━━━ Data excerpts ━━━

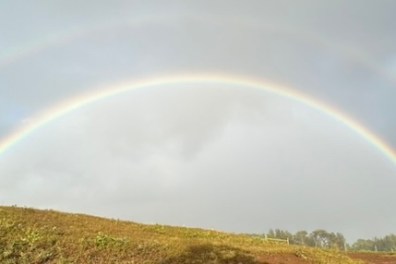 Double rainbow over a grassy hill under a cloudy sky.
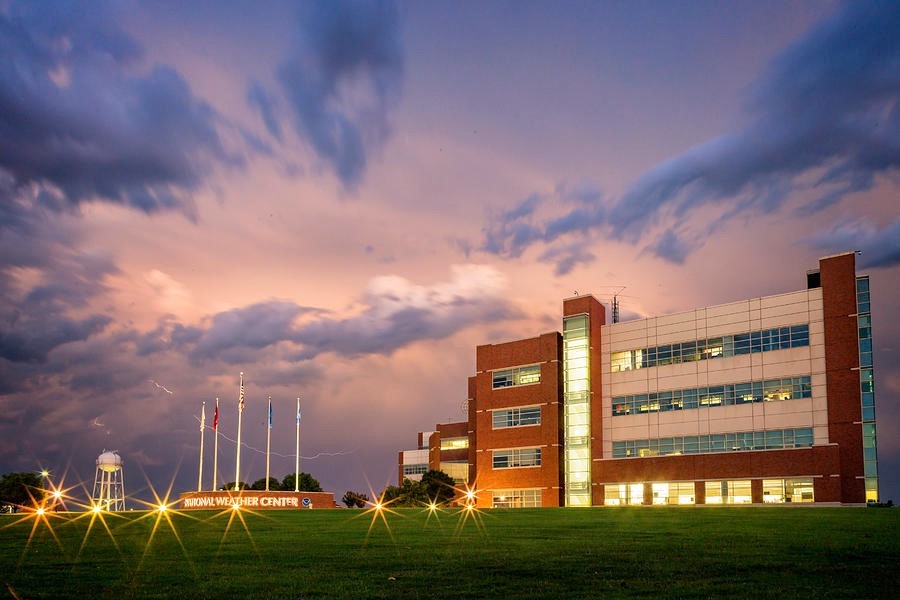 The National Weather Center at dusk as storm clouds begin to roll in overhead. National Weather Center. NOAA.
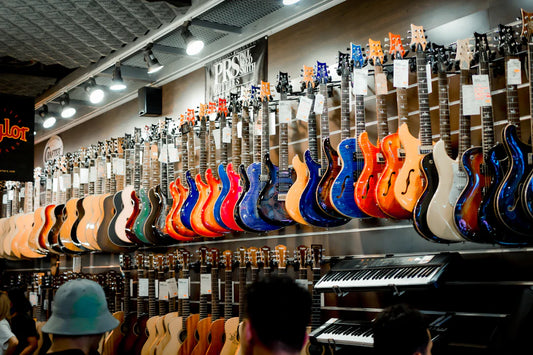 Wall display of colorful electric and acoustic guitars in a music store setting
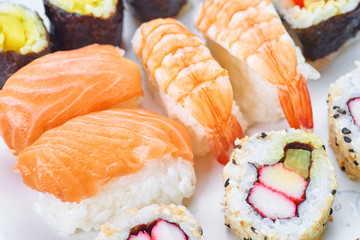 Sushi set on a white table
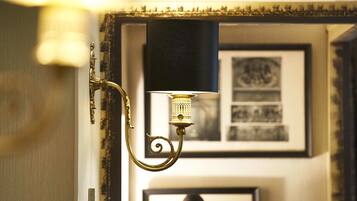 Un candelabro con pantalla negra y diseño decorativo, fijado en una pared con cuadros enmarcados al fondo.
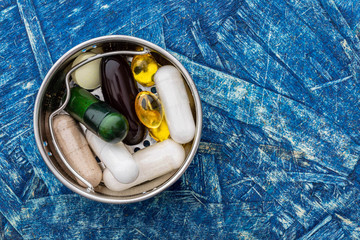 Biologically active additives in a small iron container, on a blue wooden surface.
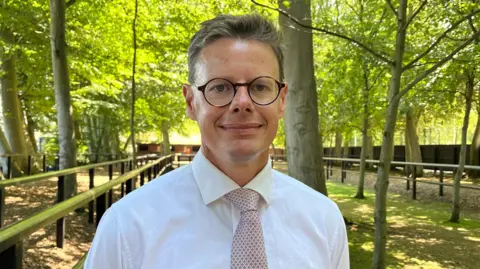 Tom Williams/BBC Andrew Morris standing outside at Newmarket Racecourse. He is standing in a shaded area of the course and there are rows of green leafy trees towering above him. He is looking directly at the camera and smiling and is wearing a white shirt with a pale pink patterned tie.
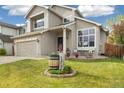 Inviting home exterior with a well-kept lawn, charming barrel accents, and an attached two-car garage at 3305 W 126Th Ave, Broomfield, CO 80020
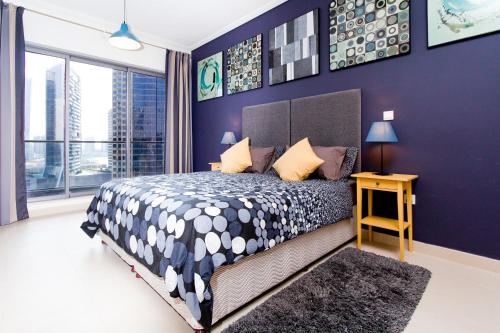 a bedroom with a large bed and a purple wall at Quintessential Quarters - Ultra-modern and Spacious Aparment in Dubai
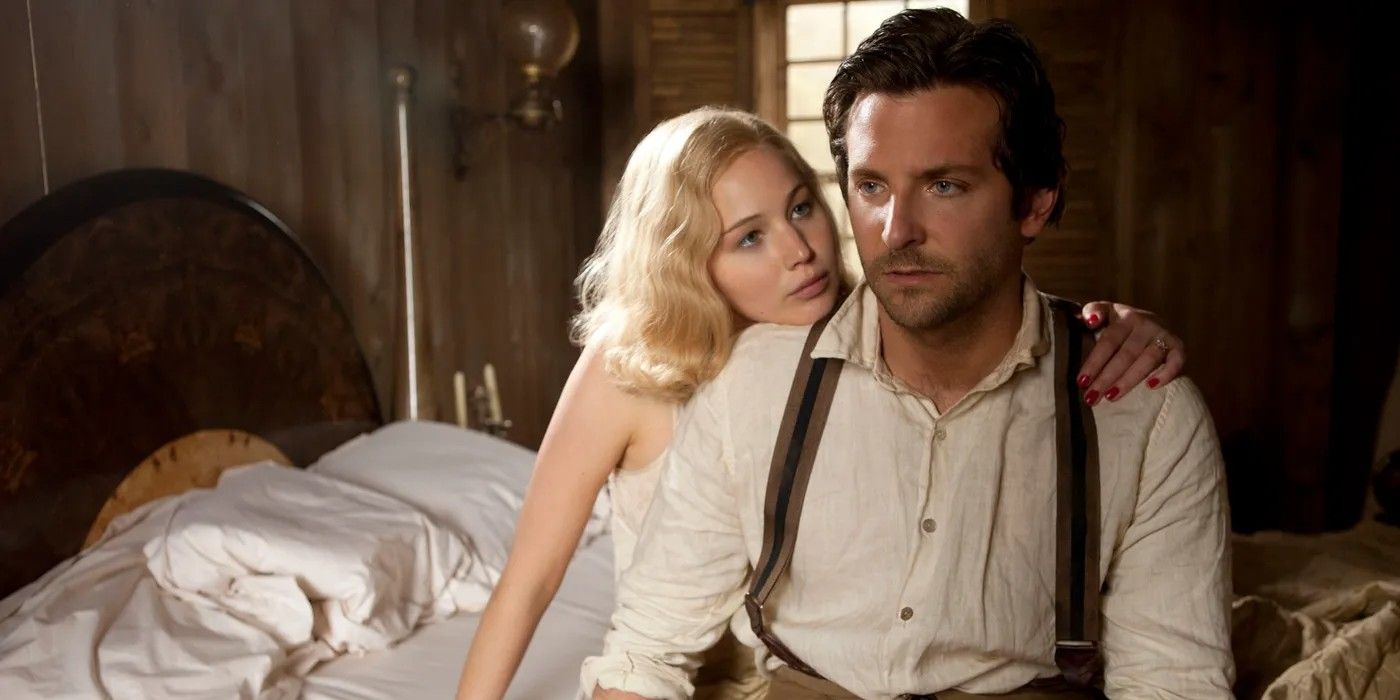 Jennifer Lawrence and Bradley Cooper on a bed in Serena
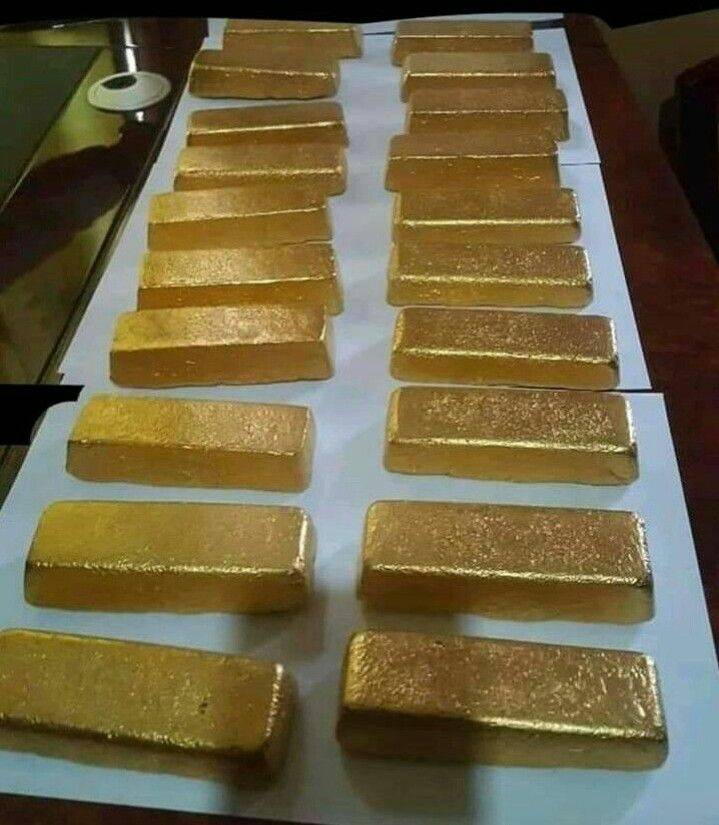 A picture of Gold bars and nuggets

━━━
━━━ Data excerpts ━━━

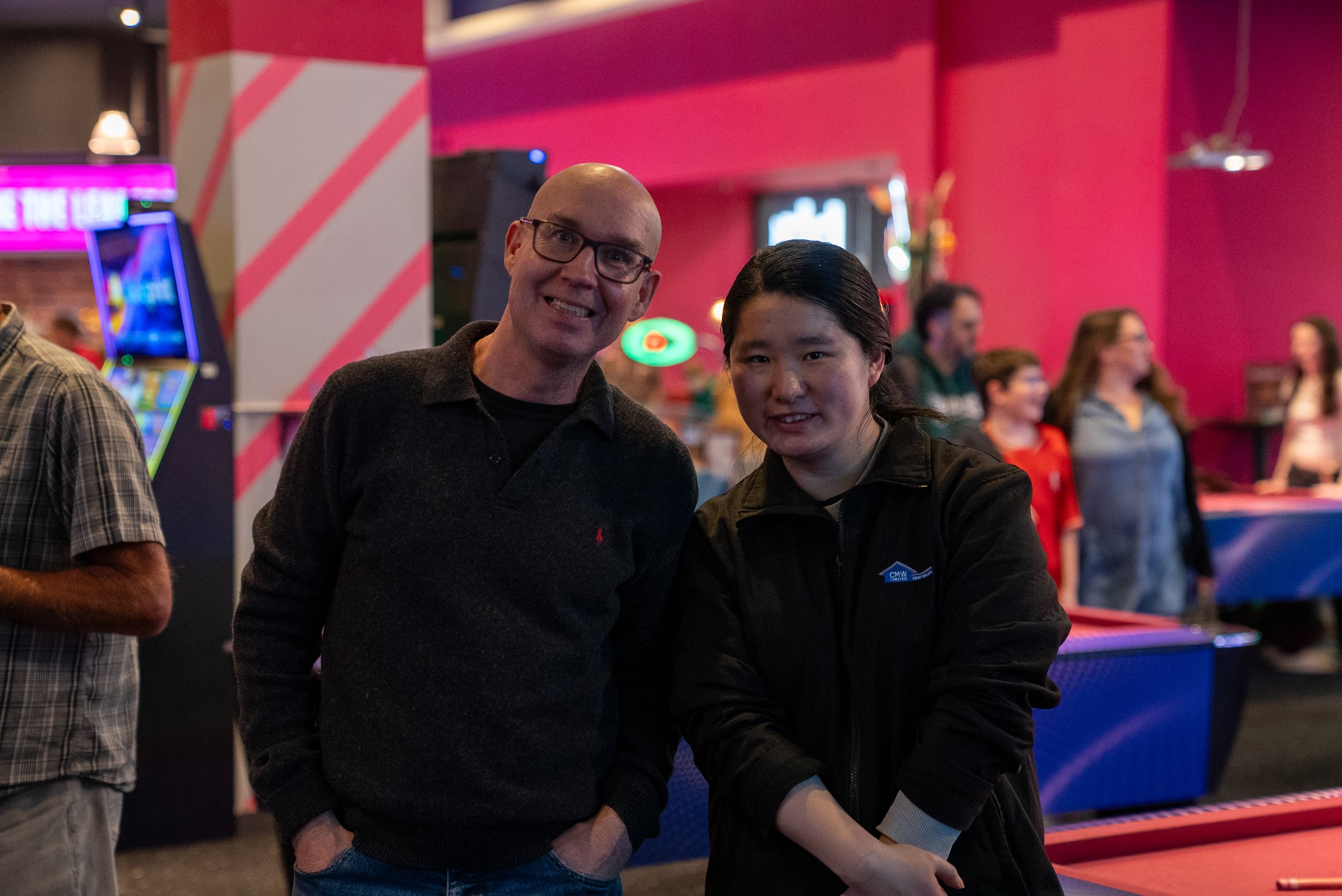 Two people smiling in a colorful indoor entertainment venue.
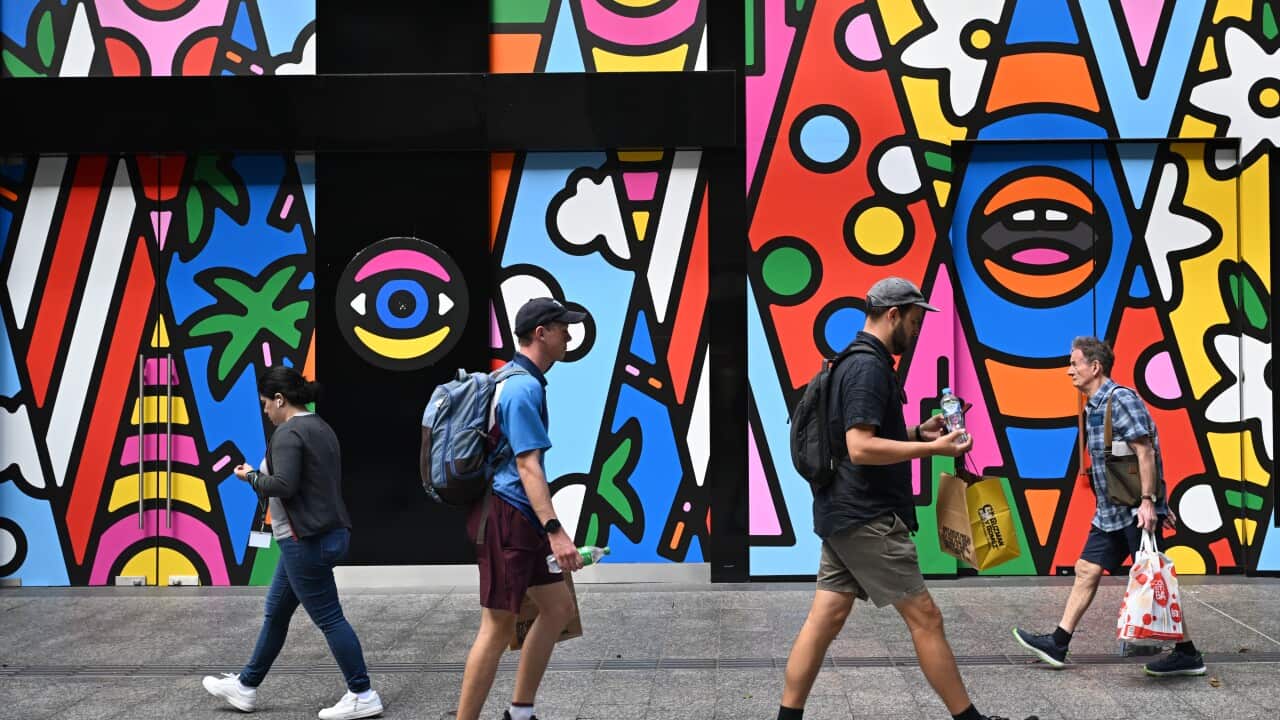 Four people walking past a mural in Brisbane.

━━━

*Exercise description*
Reproduce the listing above from the line that holds "Double rainbow over" through the line that holds "Tom Williams/BBC Andrew", both included, with the pictures left out.

*Your response*
 Double rainbow over a grassy hill under a cloudy sky.
 The National Weather Center at dusk as storm clouds begin to roll in overhead. National Weather Center. NOAA.
 Wall display of colorful electric and acoustic guitars in a music store setting
 Sushi set on a white table
 Un candelabro con pantalla negra y diseño decorativo, fijado en una pared con cuadros enmarcados al fondo.
 Biologically active additives in a small iron container, on a blue wooden surface.
 Tom Williams/BBC Andrew Morris standing outside at Newmarket Racecourse. He is standing in a shaded area of the course and there are rows of green leafy trees towering above him. He is looking directly at the camera and smiling and is wearing a white shirt with a pale pink patterned tie.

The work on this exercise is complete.